The intriguing thing about the game is how uniquely it treats the gameplay mechanisms necessary to achieve its ends. While frequently economic simulations place a clock on the player’s actions, rarely will one find a clock quite so demanding as the one in High Tea. While actions themselves in the game are simple enough to perform, click here to buy opium, click here to buy tea, click on a port to smuggle opium into China, because the demands of addiction in Britain grows so rapidly, keeping up with that demand requires a frantic amount of activity on the part of the player to effectively maintain these three simple clicks.
Markets in the game are constantly fluctuating with tea and opium prices rising and falling in seconds as you play. Assessing pricing and seeing where demand for large and small shipments of opium are the most profitable requires split second decision making, especially as the game requires greater and greater supplies of tea for a populace that you don’t see in the game, but can clearly gather from the numbers that you are watching, are alarmingly feeling more and more needful of their drug of choice.

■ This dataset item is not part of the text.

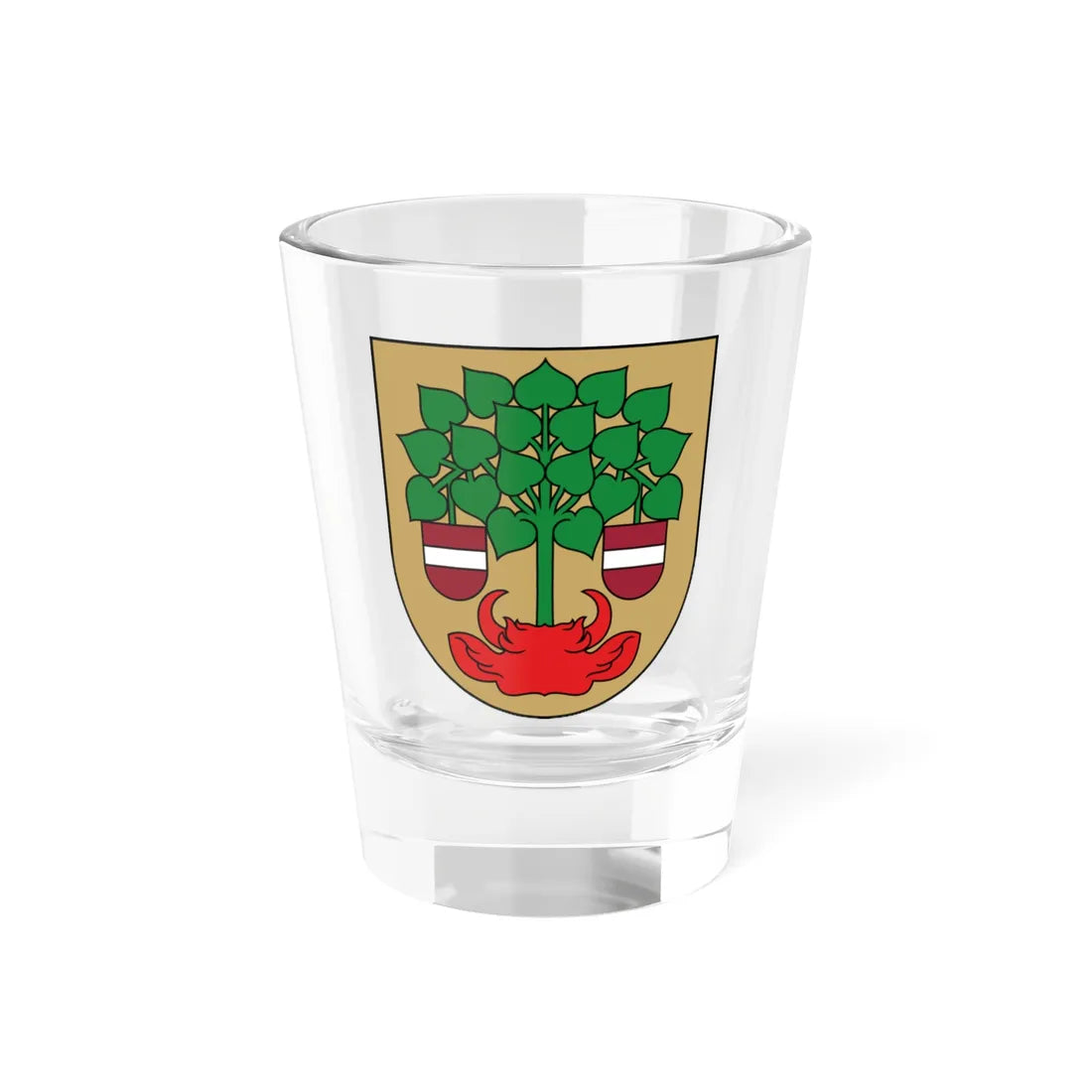 COA LV Valmiera (Latvia) (Coat of Arms) Shot Glass 1.5oz 1.5oz - Go Mug Yourself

As a result, this economics simulator weds something like twitch gaming to a genre that is most frequently associated with strategizing, considering available options, and setting a broad plan in place in order to achieve the ends of profit. Here though, profit is as much a product of market analysis as it is of reflex, mimicking a kind of furious image of buying and selling at a stressful and insistent rate. This is not a simulation that encourages you to strategize, but instead to act on the aforementioned simple strategy that you already know to be true, “Buy low, sell high.” There is no time to ponder the implications of profiteering on the basis of an artificially stimulated need, like addiction. Instead, there is only time to satisfy a need that cannot be satiated. Indeed, in the ludic context of the game, the demands on the agent supplying tea and opium (the player) grow substantially more difficult because the historical context demands it. The more tea that is supplied, the more need that there will be for it.
Completing the game is more of a relief than anything else, knowing that you will not have to supply an incrementally larger shipment for the last time and being able to “retire” having grown rich off of misery is simply gratifying. Not so, for those still caught in the cycle of feeding their own demands.